● TASK DESCRIPTION: Repeat only the lines below from the one that contains "25455 Rail Rd - Photo 10" through the final line, exactly. Omit pictures.

● DATA FOR THIS EXERCISE:
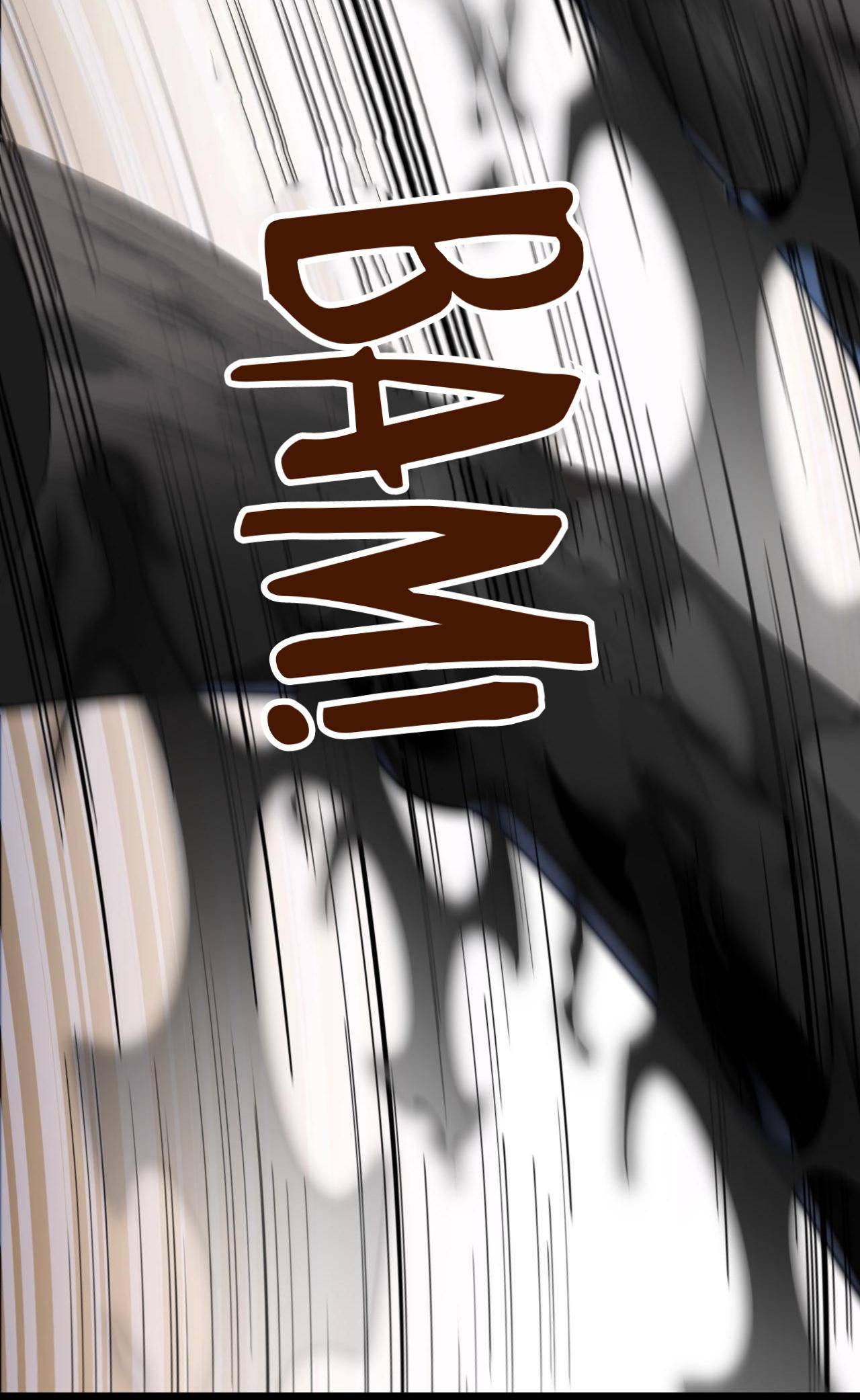 Page 33 of Chapter 109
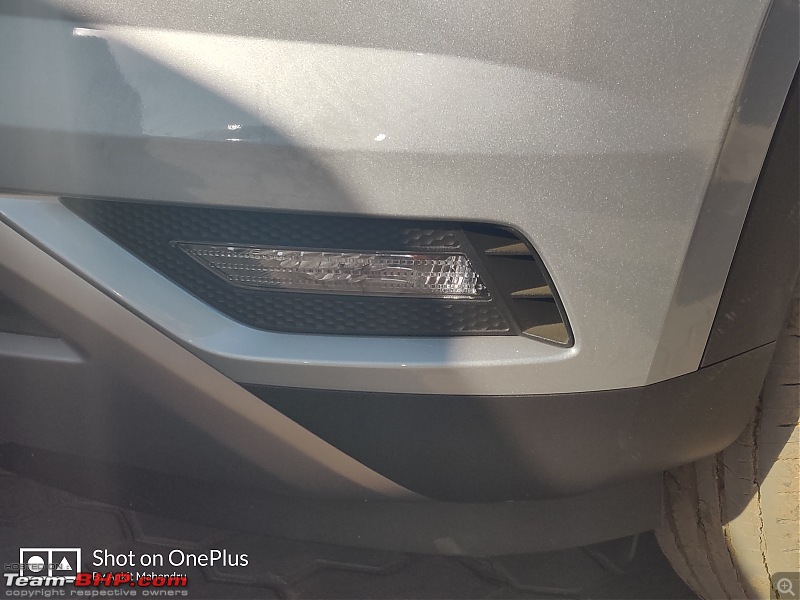 2nd-Gen Hyundai Creta @ Auto Expo 2020. Edit: Launched at 9.99 lakhs-img_20200309_162452.jpg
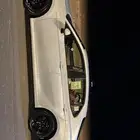 كامري 18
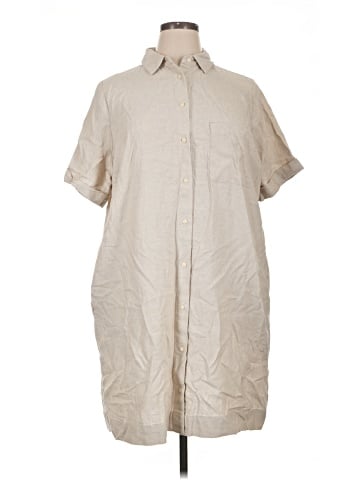 Old Navy Casual Dress (view 1)
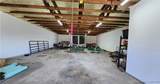 25455 Rail Rd - Photo 10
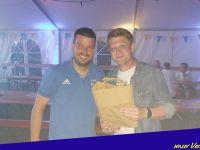 24.06.2023-20230624_221109-Vereinsfest-33-Jahre-FSV-Dippoldiswalde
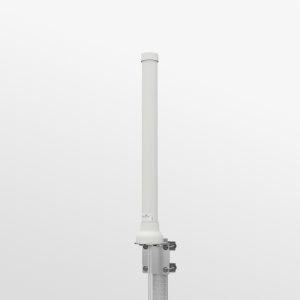 BS[G]M-450-6-60 | MiMo 4G/5G Omni Antenna
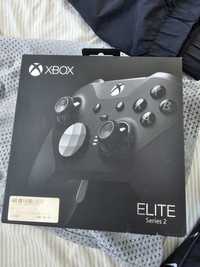 Xbox Elite Series X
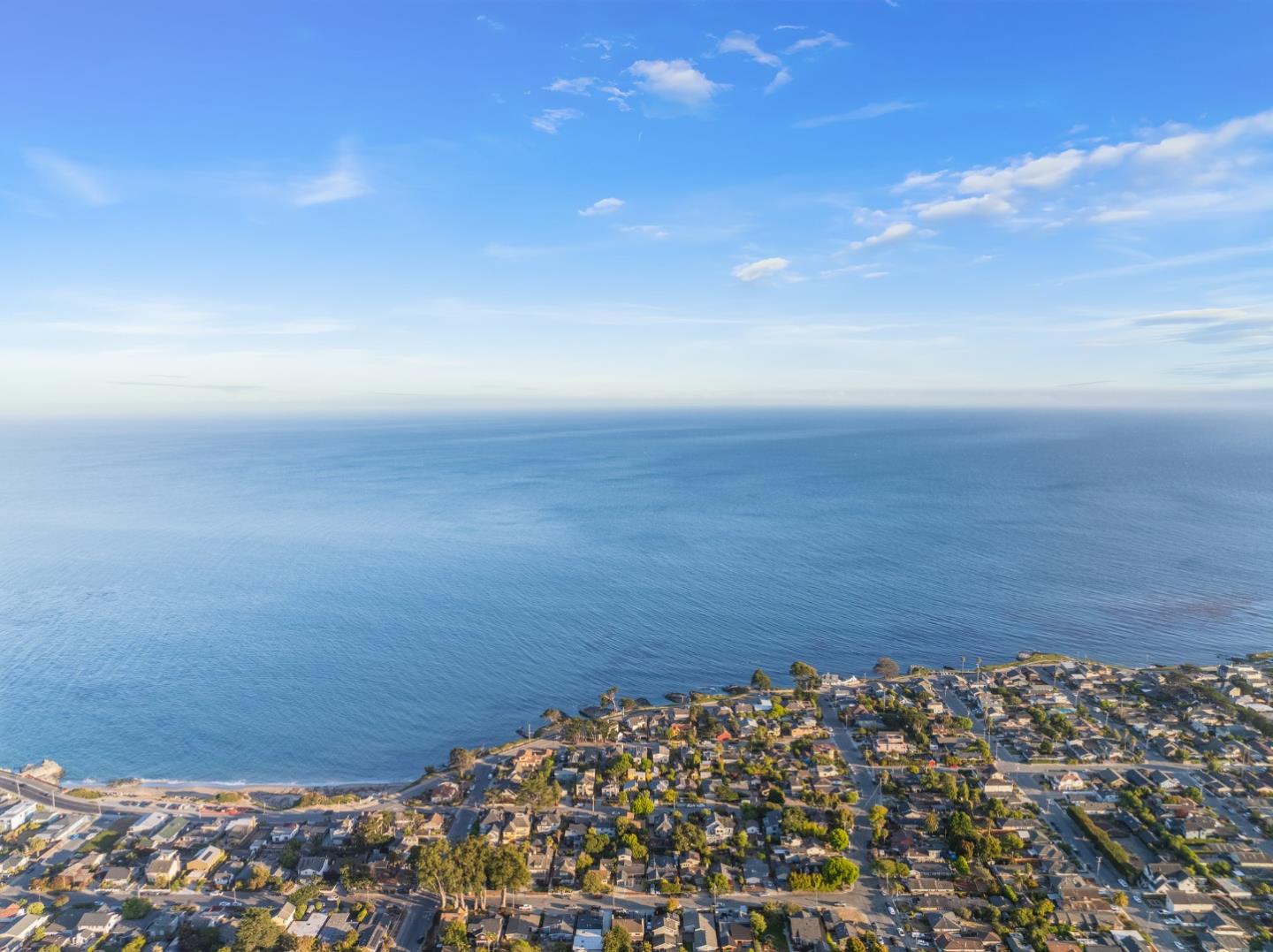 Detail Gallery Image 45 of 53 For 421 Oxford Way, Santa Cruz,  CA 95060 - 4 Beds | 2 Baths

● ANSWER TO THIS EXERCISE:
 25455 Rail Rd - Photo 10
 24.06.2023-20230624_221109-Vereinsfest-33-Jahre-FSV-Dippoldiswalde
 BS[G]M-450-6-60 | MiMo 4G/5G Omni Antenna
 Xbox Elite Series X
 Detail Gallery Image 45 of 53 For 421 Oxford Way, Santa Cruz,  CA 95060 - 4 Beds | 2 Baths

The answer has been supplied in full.